On January 25, 2021, a group of U.S. Senators led by incoming Chairman of the Senate Foreign Relations Committee Bob Menendez (D-N.J.) introduced a bill to designate Venezuela for Temporary Protected Status (TPS), which would grant temporary legal status to Venezuelans fleeing a devastating political and humanitarian crisis in their home country. The Washington Office on Latin America (WOLA) supports this measure, and welcomes the bill’s language on the need for all destination countries to ensure that fleeing Venezuelans receive due process and access to legal protections and essential services.

Following a last-minute memorandum issued by the Trump administration enacting Deferred Enforced Departure (DED) for Venezuelans on January 19, the Venezuela Temporary Protected Status Act of 2021 would extend regular status and the opportunity to apply for work authorization to an estimated 200,000 Venezuelan nationals living in the United States. Unlike DED, TPS is based in legal statute and has proven to be more durable across administrations.

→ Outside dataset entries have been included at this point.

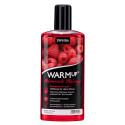 Срок до 30.12.2026 Согревающий массажный лосьон с ароматом и вкусом малины WARMup raspberry 150 ml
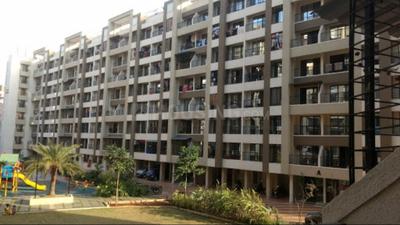 Project Image of 590.0 - 900.0 Sq.ft 1 BHK Apartment for buy in Poonam Imperial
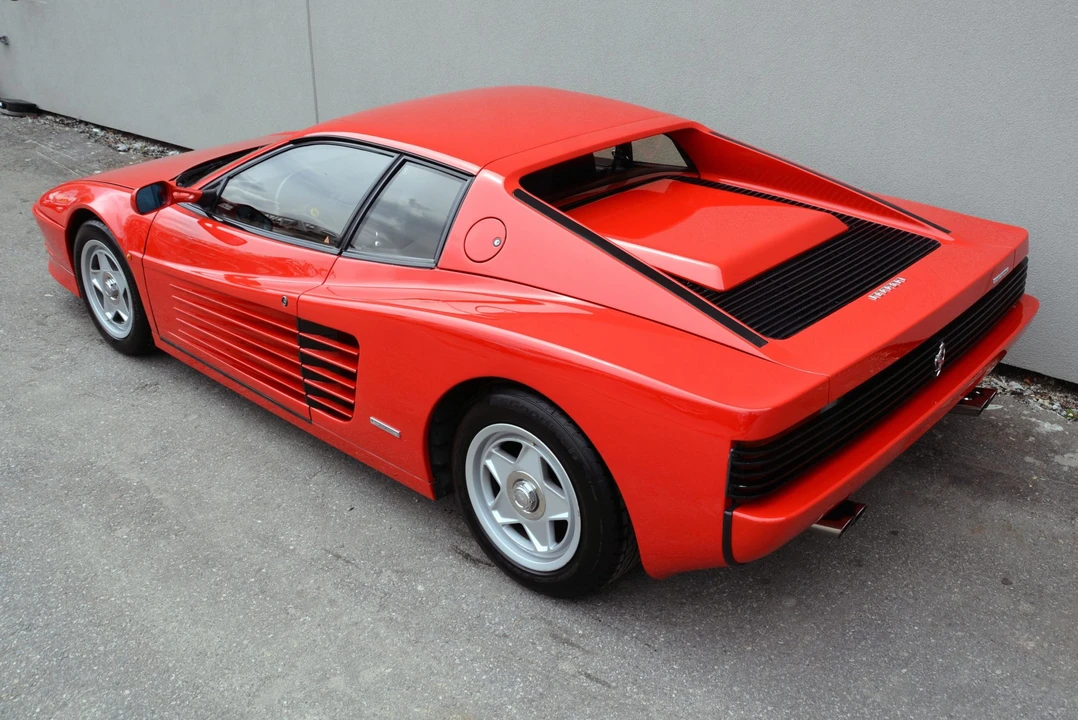 1987 Ferrari Testarossa - Image 15 of 31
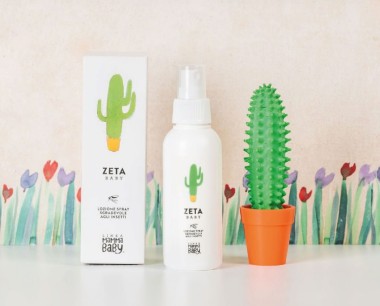 Zeta Baby (repellente per insetti) - Mamma Baby Zeta Baby (repellente per insetti) - Mamma Baby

This Senate legislation is the third of its kind; after the House of Representatives passed a similar TPS bill in July 2019 with a bipartisan majority, the Senate version of the bill was repeatedly blocked in 2019 and 2020. Over the last two years, the Washington Office on Latin America (WOLA) has joined other prominent human rights organizations in calling on the Department of Homeland Security (DHS) to designate Venezuela for TPS to protect eligible individuals from deportation back to a country in crisis. While these demands were not met by the Trump administration, the 2021 TPS Act has a greater chance of passing in a Senate with a  Democratic majority. Additionally, President Joe Biden has publicly vowed to coordinate with DHS and Congress to designate Venezuela for TPS, raising hope that the measure may be granted in the coming months.

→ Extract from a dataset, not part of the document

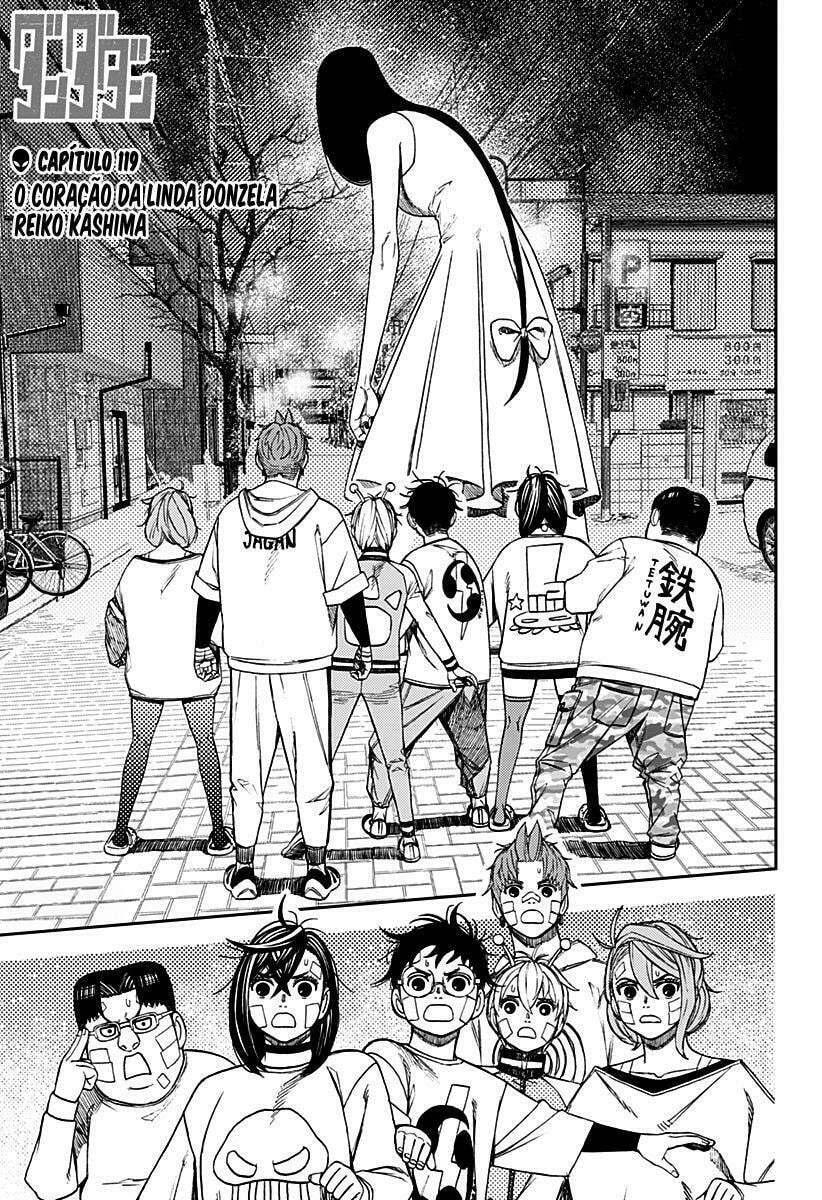 Read Dandadan (pt) Manga Online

The new Senate legislation includes crucial language urging the Departments of State and Homeland Security to coordinate with international partners including the United Nations High Commissioner for Refugees (UNHCR) to support the regional response to Venezuelan migrants and refugees. The bill earmarks $10 million to support regional countries’ domestic capacities to process asylum cases and provide essential services to Venezuelan migrants. WOLA, which has joined regional civil society voices in emphasizing the need for countries across the Americas to provide access to regular status to those fleeing Venezuela, commends these efforts. It is essential to bolster the region’s capacity to support the more than 5.4 million Venezuelans migrants and refugees seeking protection, the vast majority of whom lack regular status in their host countries.